**HOW TO COMPLETE THIS TASK:** Of the records that follow, copy only the lines from the line containing "16h30: Trânsito ainda" to the line containing "1980 1981 1982", both included, exactly as written.

**RECORDS SUPPLIED:**
^^^^
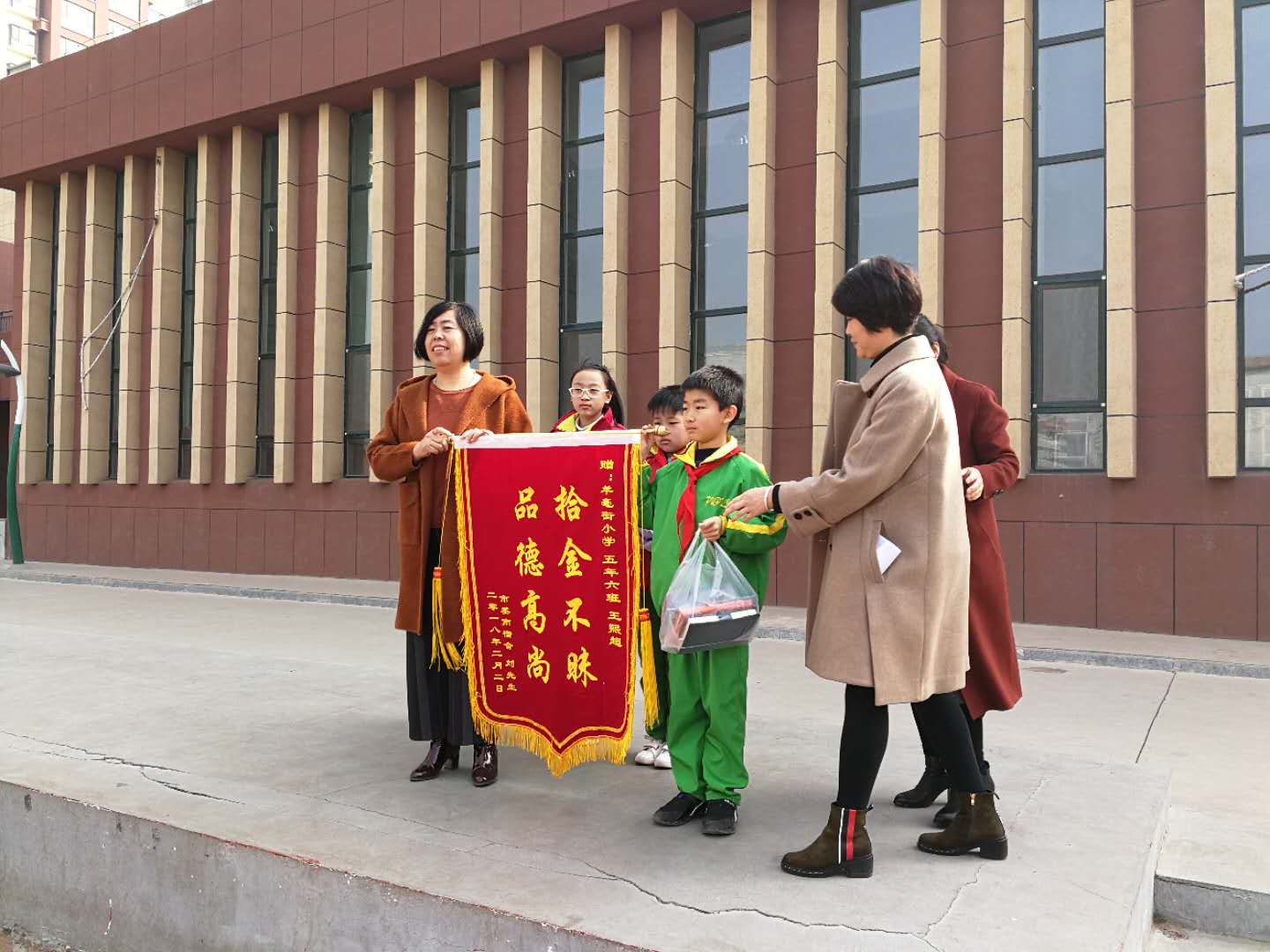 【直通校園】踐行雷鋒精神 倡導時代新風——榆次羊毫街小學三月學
^^^^
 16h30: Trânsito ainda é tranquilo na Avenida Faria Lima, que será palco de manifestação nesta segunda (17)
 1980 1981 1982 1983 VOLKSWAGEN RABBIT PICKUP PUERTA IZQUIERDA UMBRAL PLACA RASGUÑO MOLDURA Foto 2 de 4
^^^^
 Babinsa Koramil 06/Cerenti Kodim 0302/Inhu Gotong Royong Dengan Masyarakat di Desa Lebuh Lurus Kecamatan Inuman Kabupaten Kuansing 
^^^^
**COMPLETED TASK:**
 16h30: Trânsito ainda é tranquilo na Avenida Faria Lima, que será palco de manifestação nesta segunda (17)
 1980 1981 1982 1983 VOLKSWAGEN RABBIT PICKUP PUERTA IZQUIERDA UMBRAL PLACA RASGUÑO MOLDURA Foto 2 de 4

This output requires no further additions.